Six years ago one Australian energy company tried to shift from coal to renewables. Now, new details have emerged showing the role played by the federal government in stopping that from happening.

According to most scientists, the world has until 2030 to transition away from coal-fired power in order to prevent runaway climate change.

Six years ago one Australian energy company tried to do just that. But now, new details have emerged showing the role played by the federal government in trying to  stop that from happening.

Today, national correspondent for The Saturday Paper Mike Seccombe on how ideology keeps trumping economics when it comes to Australia’s climate policies.

 

Guest: National Correspondent for The Saturday Paper Mike Seccombe.

Show Transcript

[Theme Music Starts]

BETH:
From Schwartz Media I’m Beth Atkinson-Quinton, this is 7am.

 

According to most scientists, the world has until 2030 to transition away from coal-fired power in order to prevent runaway climate change.
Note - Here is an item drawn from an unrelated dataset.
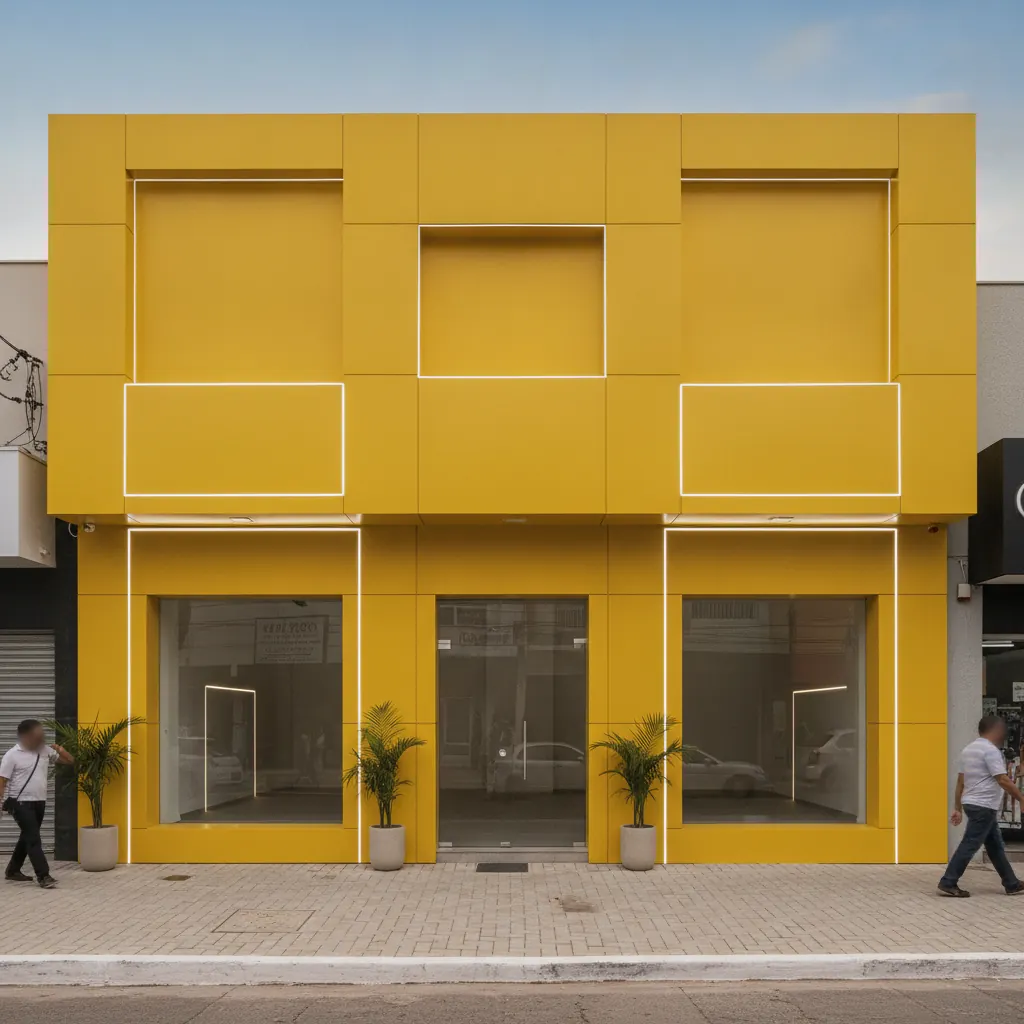 Fachada em ACM Amarelo para Comércio em Goiânia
Six years ago one Australian energy company tried to do just that. But now, new details have emerged showing the role played by the federal government in trying to  stop that from happening.

 

Today, National Correspondent for The Saturday Paper Mike Seccombe, on how ideology keeps trumping economics when it comes to Australia’s climate policies.

[Theme Music Ends]

BETH:
Mike… what is this story really about?

 

MIKE:
Well, this is a story about Australia's largest emitter of greenhouse gases, climate change causing gases, and about the time that they tried to clean up their act and pivot to renewables and how they were undone by the most senior ranks in the federal government. 

 

So, you know, it's about big business. It's about backroom politics. It's about internal company politics and essentially also about the future of Australia's energy policy. 

 

BETH:
OK, so pretty big story, Mike. So who is Australia's largest greenhouse gas emitter?

 

MIKE:
By a very, very long way - It's AGL. 


Archival tape - [AGL 1970’s song plays]

 

MIKE:
Which is one of Australia's oldest companies. It was established back in 1837.
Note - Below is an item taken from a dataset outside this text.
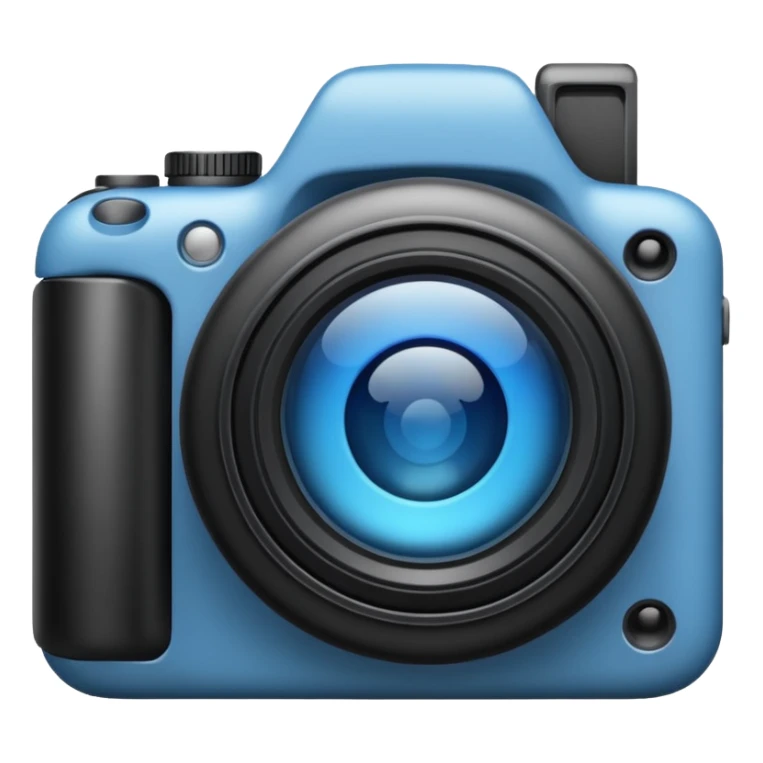A minimalistic emoji of a camera in Apple iPhone emoji style. Flat design, smooth gradients, rounded edges, soft shadows, high resolution, clean and simple look. Neutral gray and black tones with a blue lens reflection. White background, no text sticker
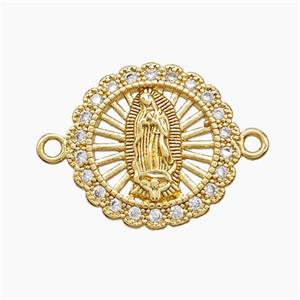 Copper Virgin Mary Connector Pave Zirconia 18K Gold Plated, approx 18mm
Archival tape -- Unknown Person 1:
“Natural gas..the living flame!”

 

MIKE:
And it provides gas and or electricity to almost four million people in eastern Australia and generates most of that power through coal. 

Archival tape -- Unknown Person 2:
“So call AGL today and like the Anderson family you too can laugh at the cold this winter!”

 

MIKE:
Year after year, AGL is ranked as Australia's largest corporate emitter by a significant margin, I think roughly twice as much as the next worst. And last year, it produced more than 42 million tonnes of CO2 emissions.

 

So it's big. And it owns power stations across eastern Australia, and so as the impact of those coal fired power stations on climate and and of course, other pollution as well, has become more and more clear over the past decade, AGL has come under increasing pressure from activists and from investors and from consumers to clean up its act. 

Archival tape -- Protestors:
“Hey hey, ho ho, AGL has got to go, hey hey, ho ho, AGL has got to go...”

 

BETH:
Okay, so what did AGL do? How did they respond to that pressure? 

 

MIKE:
Well, back in 2015, an American named Andy Vesey was appointed head of AGL and he came to the job intent on steering the company back away from coal.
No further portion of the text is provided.